There’s a scene in the “Diary of A Mad Black Woman” where the main character, Helen, rejects a man attempting to flirt with her at a family BBQ. Having recently found that her husband of 18 years was cheating on her, and literally thrown out of her house by him and his mistress. Helen had zero interest in men, despite his respectful efforts. The man somehow takes her disinterest personal and says “just another mad black woman.” Helen throws her drink at him and yells “I’m not bitter. I’m mad as hell!”
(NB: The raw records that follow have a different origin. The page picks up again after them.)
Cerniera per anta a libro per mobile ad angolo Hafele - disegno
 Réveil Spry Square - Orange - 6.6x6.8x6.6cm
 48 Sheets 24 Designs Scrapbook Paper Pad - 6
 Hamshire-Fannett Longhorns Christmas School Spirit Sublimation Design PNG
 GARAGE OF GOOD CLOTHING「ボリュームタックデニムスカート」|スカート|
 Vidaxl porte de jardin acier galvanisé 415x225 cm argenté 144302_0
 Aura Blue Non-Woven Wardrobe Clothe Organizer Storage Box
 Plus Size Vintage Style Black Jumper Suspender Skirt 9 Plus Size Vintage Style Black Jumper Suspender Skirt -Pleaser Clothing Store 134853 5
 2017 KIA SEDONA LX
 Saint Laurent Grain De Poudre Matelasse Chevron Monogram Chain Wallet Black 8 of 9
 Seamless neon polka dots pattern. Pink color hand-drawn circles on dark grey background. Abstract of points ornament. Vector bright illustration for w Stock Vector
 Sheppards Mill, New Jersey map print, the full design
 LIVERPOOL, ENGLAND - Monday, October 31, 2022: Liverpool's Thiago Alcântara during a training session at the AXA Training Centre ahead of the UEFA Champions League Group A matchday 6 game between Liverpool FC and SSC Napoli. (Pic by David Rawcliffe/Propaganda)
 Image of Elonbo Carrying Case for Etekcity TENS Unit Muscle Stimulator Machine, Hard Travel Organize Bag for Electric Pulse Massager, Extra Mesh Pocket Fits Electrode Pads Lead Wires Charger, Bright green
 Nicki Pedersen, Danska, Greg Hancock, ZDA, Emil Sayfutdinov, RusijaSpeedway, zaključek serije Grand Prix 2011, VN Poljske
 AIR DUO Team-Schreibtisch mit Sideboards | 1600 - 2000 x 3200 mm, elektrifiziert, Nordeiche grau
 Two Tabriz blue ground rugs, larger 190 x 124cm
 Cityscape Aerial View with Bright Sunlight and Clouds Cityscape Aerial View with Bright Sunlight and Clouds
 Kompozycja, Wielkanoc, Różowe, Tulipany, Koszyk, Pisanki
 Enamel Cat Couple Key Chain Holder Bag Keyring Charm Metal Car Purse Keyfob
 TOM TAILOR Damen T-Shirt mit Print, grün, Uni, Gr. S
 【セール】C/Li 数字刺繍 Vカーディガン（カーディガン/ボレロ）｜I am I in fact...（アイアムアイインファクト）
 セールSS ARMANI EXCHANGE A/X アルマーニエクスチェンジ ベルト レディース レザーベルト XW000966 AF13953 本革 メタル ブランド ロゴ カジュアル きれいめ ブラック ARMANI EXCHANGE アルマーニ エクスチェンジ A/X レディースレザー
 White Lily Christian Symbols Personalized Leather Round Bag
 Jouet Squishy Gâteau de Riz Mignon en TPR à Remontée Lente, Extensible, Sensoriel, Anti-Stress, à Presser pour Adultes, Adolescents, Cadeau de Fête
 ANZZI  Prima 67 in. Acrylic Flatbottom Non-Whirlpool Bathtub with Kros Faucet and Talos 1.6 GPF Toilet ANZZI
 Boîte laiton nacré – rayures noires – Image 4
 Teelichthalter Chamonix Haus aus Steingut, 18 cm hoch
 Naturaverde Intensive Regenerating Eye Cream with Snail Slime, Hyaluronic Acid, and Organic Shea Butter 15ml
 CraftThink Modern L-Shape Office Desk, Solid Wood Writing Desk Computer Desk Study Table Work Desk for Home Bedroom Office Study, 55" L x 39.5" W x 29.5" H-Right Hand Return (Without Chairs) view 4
We’ve all either been there or will get there. Some of us, actually, need to get there. Anger tends to be the most neglected emotion by women because society has placed an unreasonable taboo on it. Women, society has told us, should not be able to express their anger. And in rare cases where women do finally express anger, they will be “crazy” or “psycho” or “emotional” or “dramatic.” They will be everything, but mad as hell.

Because when you understand the anger, it becomes the power and then, it becomes the movement.

Image Credit: CNN – Serena Williams argues with chair umpire during a match against Naomi Osaka, of Japan, during the women’s finals of the U.S. Open tennis tournament at the USTA Billie Jean King National Tennis Center on Saturday, Sept. 8, 2018, in New York. (Photo by Greg Allen/Invision/AP)

Serena Williams argued an umpire’s decision to penalize her overhand gestures to her coach which the umpire considered “coaching” (illegal during a match) and consequently hinting that she cheated. The celebrated tennis champion exclaimed that she is not a cheater. As she fought back in anger, she called the umpire a “thief” for stealing her points from her. He then deducted more points for that remark. Then she was fined $17,000. In a press conference, Serena expressed obvious disappointment in the decisions against her. She mentioned how male players get away with actual temper tantrums without any warnings, deductions or fines.

Serena, amongst other women, are standing up for themselves and against the object of their anger in a way society has told women they should not do so. Society would rather see us quiet, conforming, non-threatening. Truth is, society would rather see us cry than be too loud. However, a man’s anger in this society is often accepted, taken seriously, and effective- whether it be through fear or respect. This is at the center of Soraya Chemaly’s book, “Rage Becomes Her: The Power of Women’s Anger.” Chemaly is an award-winning writer, activist, and media critic who wrote the book to encourage women to embrace their anger and to productively and shamelessly express it.  “Rage Becomes Her: The Power of Women’s Anger” is also an in-depth look at why society has made us believe we are not ready for a woman’s anger. As the book explains, misdirected anger can affect the mind, the body, the spirit, decision making and relationships transforming itself into fear, depression, anxiety, and illness. While societal expectations have told girls and women that anger does not look “pretty” on them, expressing it is beneficial for the collective anyway.

In a time where women are still being mistreated and are still seen unequal to their male counterparts in the economy, in politics, in Hollywood, and in sports, a woman’s anger becomes a superpower that forces society to notice her. Serena Williams, Cynthia Nixon, Ash Sarkar, Kirstie Allsopp, and Helen from “Diary of a Mad Black Woman,” and the thousands of women who have stood up for themselves and the women before and after them- they matter. And even if society is questioning their anger’s validity, it will still be taken seriously. It will not be silent, and comfortable and conforming to a man’s expectation of what female anger looks like. As Chemaly states,  “Because when you understand the anger, it becomes the power and then, it becomes the movement.”